Sherwin McCARTHY, appellant, v. CITY OF NEW YORK, et al., respondents, et al., defendants.
In an action to recover damages for personal injuries and injury to property, the plaintiff appeals from an order of the Supreme Court, Kings County (Velasquez, J.), dated May 17, 2012, which granted the motion of the defendants City of New York and New York City Department of Buildings for summary judgment dismissing the complaint insofar as asserted against them.
ORDERED that the order is affirmed, with costs.
The plaintiff allegedly was injured, and sustained damage to his property, when a wall on the property line between his property and the adjoining property fell onto his property and struck him. The plaintiff previously had reported the allegedly defective condition of the wall to the defendants City of New York and New York City Department of Buildings (hereinafter together the City defendants). An inspector for the City defendants visited the site and inspected the wall, and, finding that the wall did not pose a hazard, took no action. After the plaintiff commenced this action against the City defendants, among others, the City defendants moved for summary judgment dismissing the complaint insofar as asserted against them. The Supreme Court granted the City defendants' motion.

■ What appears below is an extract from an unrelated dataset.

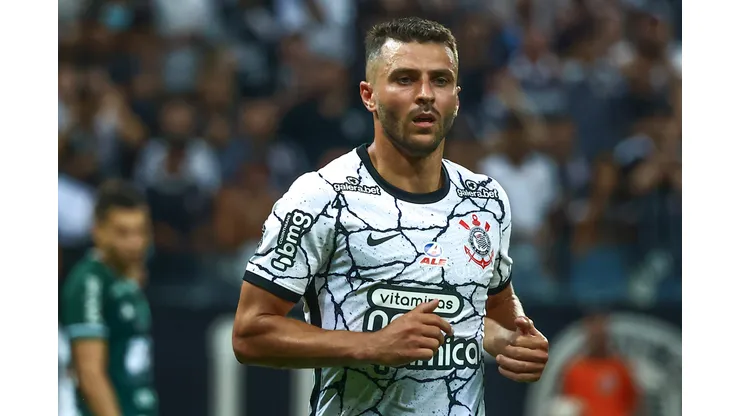 Júnior Moraes revela reação hilária de Vítor Pereira após crise alérgica no Corinthians. Foto: Marcello Zambrana/AGIF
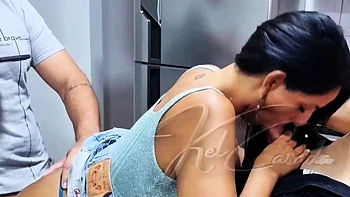 Bi-puta safada fodida pelo marido e amigo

“ ‘[G]overnment action, if discretionary, may not be a basis for liability, while ministerial actions may be, but only if they violate a special duty owed to the plaintiff, apart from any duty to the public in general’ “ (Valdez v. City of New York, 18 NY3d 69, 76–77, quoting McLean v. City of New York, 12 NY3d 194, 203). A plaintiff must first establish the existence of a special duty owed to it by the municipality before it becomes necessary to address whether the municipality can rely upon the defense of governmental immunity (see Flagstar Bank, FSB v. State of New York, 114 AD3d 138, 143; see also Metz v. State of New York, 20 NY3d 175, 179; Valdez v. City of New York, 18 NY3d at 80). If it is determined that the municipality owes no special duty of care to the plaintiff, then the municipality has not breached a duty of care, and it is unnecessary to determine whether the defense of sovereign immunity applies, or whether the specific act of the public official is classified as discretionary or ministerial (see Flagstar Bank, FSB v. State of New York, 114 AD3d at 143). “A ‘special duty’ is ‘a duty to exercise reasonable care toward the plaintiff,’ and is ‘born of a special relationship between the plaintiff and the governmental entity’ “ (id., quoting Pelaez v. Seide, 2 NY3d 186, 189, 198–199; see McLean v. City of New York, 12 NY3d at 199). “ ‘A special relationship can be formed in three ways: (1) when the municipality violates a statutory duty enacted for the benefit of a particular class of persons; (2) when it voluntarily assumes a duty that generates justifiable reliance by the person who benefits from the duty; or (3) when the municipality assumes positive direction and control in the face of a known, blatant and dangerous safety violation’ “ (Flagstar Bank, FSB v. State of New York, 114 AD3d at 143, quoting Pelaez v. Seide, 2 NY3d at 199–200; see McLean v. City of New York, 12 NY3d at 199).
Here, in support of their motion, the City defendants established, prima facie, that they did not owe a special duty to the plaintiff based on their actions, inter alia, in having an inspector inspect the wall, and that therefore they had not breached any special duty. Among other things, under the particular circumstances of this case, the City defendants established, prima facie, that they did not voluntarily assume a duty which generated justifiable reliance on the part of the plaintiff. In opposition to the City defendants' prima facie showing of entitlement to judgment as a matter of law, the plaintiff failed to raise a triable issue of fact (see Alvarez v. Prospect, Hosp., 68 N.Y.2d 320, 324). Accordingly, the Supreme Court properly granted the City defendants' motion for summary judgment dismissing the complaint insofar as asserted against them.